Why investing in developing countries is more beneficial to the environment

Mitigating emissions and investing in developing countries is not only cost-efficient, but it will be the key in the fight against climate change.

Laura Rodríguez

29 Jul, 21

According to the World Economic Forum, over 70 global chief executives are helping to accelerate the transition to a net-zero economy and at least one-fifth of the world’s largest 2,000 public companies have now committed to meet net-zero targets by mid-century or sooner.

However, this is not enough.

It is known worldwide that to avoid the worst impacts of climate change we need to limit warming to 1.5°C, which will require nearly halving greenhouse gas emissions by 2030 and reaching net-zero by 2050. However, while cities in most developed countries have set clear long-term climate goals such as carbon neutrality by 2050, in many cities in developing regions these targets are usually short-term or mid-term based, which is not entirely compatible with the global climate goals.

A study published by the publisher Frontiers journal which gathers information on greenhouse gas emissions of 167 globally distributed cities has concluded that only 25 of the biggest cities worldwide produce 52% of the total greenhouse gas emissions.

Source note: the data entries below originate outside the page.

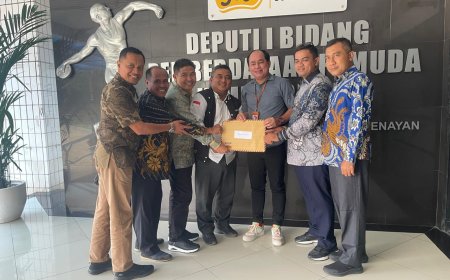 DPRD Sumbawa dan KONI Konsultasi ke Kemenpora RI, Perjuangkan Infrastruktur Olahraga untuk PON 2028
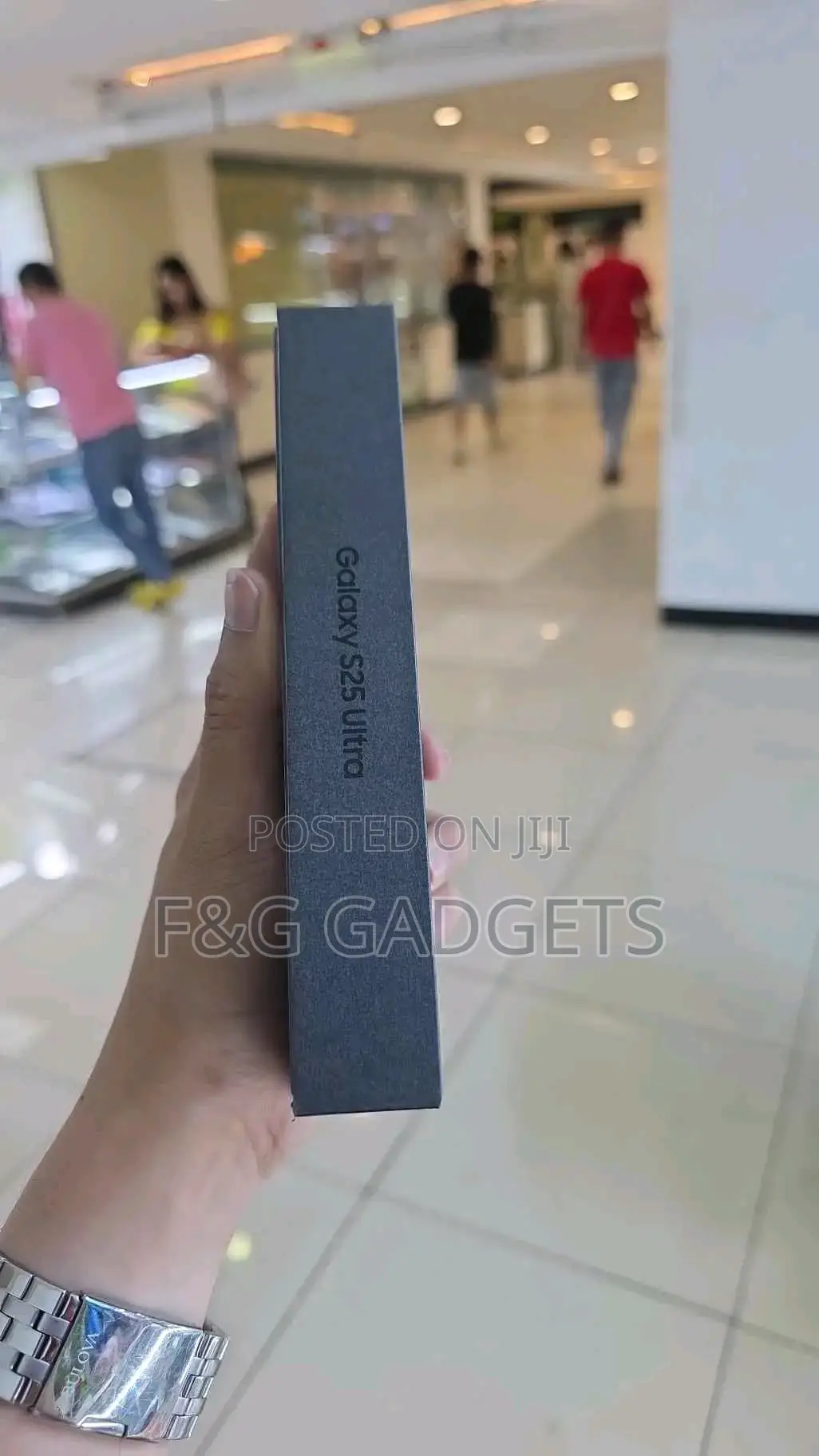 New Samsung Galaxy S25 Ultra 256 GB Black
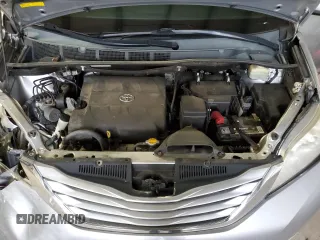 2016 Toyota Sienna LE AAS with VIN 5TDKK3DC5GS697794, listed as a Copart auction lot 50145565 with 96,273 mi miles and Salvage Title. Bid and sale history available at carsss.com. Image 12.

Furthermore, while the greenhouse gasses (GHG) emissions per capita is higher in developed countries, developing countries, especially Asian cities emit the most greenhouse gasses.

Transformative policy change and driving investment into developing countries is needed for full decarbonization

Although, governments are starting to react by committing to net-zero or carbon neutrality targets during the next 25-35 years. Net-zero will be impossible unless we invest in developing countries. According to a study carried out by IEA, the World Bank and the World Economic Forum, developing countries account for the majority of future CO2 emissions but only receive a fifth (20%) of clean energy investment.

Developing countries across Asia, Africa and Latin America, already account for ⅔ of the global population and over the next 20 years, their emissions are set to grow by 5 billion tonnes. According to this study, investment would need to increase by 700% until 2030 in these nations for us to have a chance of achieving a net-zero target. ($1 trillion by 2030 to put the world on track to reach net-zero emissions by 2050)

Even though investment in emerging markets is crucial, the truth is that clean energy investment in these countries was half compared to those in advanced economies. Additionally, recent trends in clean energy spending point to a widening gap between advanced economies and the developing world even though emissions reductions are far more cost-effective in the latter.

Avoiding a tonne of CO2 emissions in emerging and developing economies costs about half as much on average as in advanced economies, according to the report.

Investing in developing versus advanced economies

1$ spent in developing countries has a much bigger impact on reducing emissions than in any advanced economies.

There is a simple reasoning behind this concept and it’s the fact that developing economies can often jump directly to cleaner and more efficient technologies as they would have to build the infrastructure from the ground, while developing countries will have to phase out or refit polluting energy projects that are already underway.

However if it’s simpler and cheaper, why isn’t investing growing in these areas?

Emerging markets and developing economies seeking to increase clean energy investment face a range of difficulties, which can undermine risk-adjusted returns for investors and the availability of bankable projects.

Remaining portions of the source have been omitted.